[Short text fragments from websites]
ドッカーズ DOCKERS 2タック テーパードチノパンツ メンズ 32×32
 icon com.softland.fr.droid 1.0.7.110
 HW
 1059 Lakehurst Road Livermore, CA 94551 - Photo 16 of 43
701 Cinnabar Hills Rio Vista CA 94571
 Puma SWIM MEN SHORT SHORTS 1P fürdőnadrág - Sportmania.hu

YOUR TASK:
Return the data exactly, every line included.

ANSWER:
ドッカーズ DOCKERS 2タック テーパードチノパンツ メンズ 32×32
 icon com.softland.fr.droid 1.0.7.110
 HW
 1059 Lakehurst Road Livermore, CA 94551 - Photo 16 of 43
701 Cinnabar Hills Rio Vista CA 94571
 Puma SWIM MEN SHORT SHORTS 1P fürdőnadrág - Sportmania.hu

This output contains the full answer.